26 July 2007

Bourgeois vs bourgeois

Why is the bourgeoisie so hated? And, more curiously, why is it hated particularly by people who are members of it themselves? It's one of the central riddles of capitalist societies, though not one I have seen anyone grapple with. I tried to give a very tentative answer in the Mediocracy book, but even so had to resort to fable to do it. It really is a flaming mystery.

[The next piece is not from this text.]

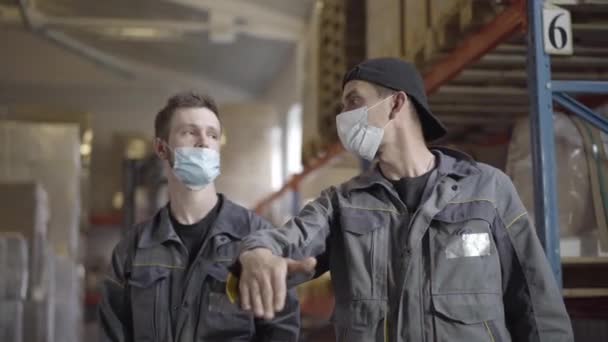 Två vita män i ansiktsmasker diskuterar arbetsplanen på lagret. Porträtt av professionella manliga anställda som arbetar på fabriksförråd på Covid-19 pandemisk karantän. Coronavirus, logistik. — Stockvideo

In today's Independent, Joan Smith gives a good illustration of bourgeois anti-bourgeois ranting. She presents a model of "Middle England" which is at least as insulting and remote from reality as anything that would be labelled as racist were it talking about other races.
If anything is loathed by the property-owning middle classes, who are almost Methodist in their approach to other people's enjoyment, it is recreational drugs and gambling. Another of their pet hates is immigrants who come here and break our laws, so the news that foreign rapists are to be shown the door — the home-grown sort is, of course, a different matter, given the terrible tendency of British women to make things up — is calculated to make them tremble with pleasure. ...

Prepped by the right-wing press, Middle England is quite prepared to believe seven impossible things before breakfast about those dark forces usually referred to as "Brussels" or "Europe".
It's a bit like Ms Toynbee's claim that the press is "right-wing": define your terms perversely enough and whatever prejudice you want to believe can be supported. But the version of "Middle England" portrayed here isn't one I recognise.